I think what I am finding is that submitting the thesis may be the beginning of the end, but the end is hard work!  Its all about taking it one step at a time though and none of these steps is as big as that of producing a whole thesis.  So I am reassured that even though I’m finding it really tough going, by the end of Wednesday I will have done my pre-defence and will be that much closer to the end of the end.
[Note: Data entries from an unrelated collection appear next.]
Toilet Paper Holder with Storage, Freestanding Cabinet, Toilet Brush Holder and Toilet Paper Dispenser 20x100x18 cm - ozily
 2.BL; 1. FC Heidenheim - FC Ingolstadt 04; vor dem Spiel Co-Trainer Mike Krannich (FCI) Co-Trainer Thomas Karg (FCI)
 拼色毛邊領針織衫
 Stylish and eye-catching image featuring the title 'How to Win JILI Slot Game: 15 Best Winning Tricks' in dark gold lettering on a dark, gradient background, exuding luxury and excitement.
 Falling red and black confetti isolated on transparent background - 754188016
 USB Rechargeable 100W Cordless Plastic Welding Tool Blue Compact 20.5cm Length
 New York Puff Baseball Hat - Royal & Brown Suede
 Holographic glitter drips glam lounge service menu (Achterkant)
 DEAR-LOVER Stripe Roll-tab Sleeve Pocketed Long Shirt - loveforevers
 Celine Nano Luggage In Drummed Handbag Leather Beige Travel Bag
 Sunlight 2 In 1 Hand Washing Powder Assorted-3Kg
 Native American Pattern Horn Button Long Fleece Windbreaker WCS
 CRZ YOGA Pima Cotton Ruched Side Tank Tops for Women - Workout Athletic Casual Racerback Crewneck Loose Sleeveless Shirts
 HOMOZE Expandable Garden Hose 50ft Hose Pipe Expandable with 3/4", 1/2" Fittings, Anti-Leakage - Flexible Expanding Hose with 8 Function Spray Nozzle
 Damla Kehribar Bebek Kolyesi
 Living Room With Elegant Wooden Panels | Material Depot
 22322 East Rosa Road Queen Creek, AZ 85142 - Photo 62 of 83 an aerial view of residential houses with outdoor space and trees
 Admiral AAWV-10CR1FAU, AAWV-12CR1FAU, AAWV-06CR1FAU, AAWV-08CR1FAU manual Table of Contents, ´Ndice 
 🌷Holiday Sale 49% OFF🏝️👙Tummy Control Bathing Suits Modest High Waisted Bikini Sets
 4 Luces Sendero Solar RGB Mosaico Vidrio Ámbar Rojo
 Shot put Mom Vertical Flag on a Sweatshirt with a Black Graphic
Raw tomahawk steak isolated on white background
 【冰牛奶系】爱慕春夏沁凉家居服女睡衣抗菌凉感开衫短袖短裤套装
Posted by: jleventon | May 3, 2011

The Beginning

I submitted my thesis exactly one week ago.  As the writing process had increasingly dominated my waking hours, and occasionally penetrated my dreams, this was a moment I had been desperate for.  It was supposed to be the beginning of the end.  Now I ‘just’ have to get through the pre-defence and then the defence and I will have finished my PhD.  Brilliant.  One week on, and I realise that it is also a little bit scary, because it marks the end of the beginning.  If the PhD forms the foundations of an academic career, I now need to build on them.  While this blog won’t directly achieve this, I hope that it will help shape and support my construction efforts!

The first way my blog will help is by providing a forum through which to communicate and shape ideas.  I admire other academics with blogs around their topic area.   In my opinion, and particularly within the arena of environmental management, academic research is performed both in order to be relevant to the wider public and environmental stakeholders, and in order to increase knowledge for the sake of knowledge.  A blog is a method for reaching out to both audiences.  Done well, I have found that a blog can provide: a way into understanding a person’s research; an opportunity to communicate with that researcher; and an opportunity to see how their ideas evolve and take shape. I hope to achieve this here.

Secondly, my blog will also contribute (I hope) to the strong community of online researchers.  Throughout my PhD, I drew on the knowledge and experience of others and gained so much support from people’s online presence.  I was inspired by researchers making progress in their own work and comforted by their shared problems (and solutions).  I learned from their tips about structuring work, overcoming writer’s block and a great deal more.  As I moved around throughout my PhD, an online peer network became increasingly important to me because at times I felt disconnected from real-life peers.  I hope that through this blog, I will continue this support into my post-PhD life, and I hope that someone, somewhere finds my ruminations useful in some way!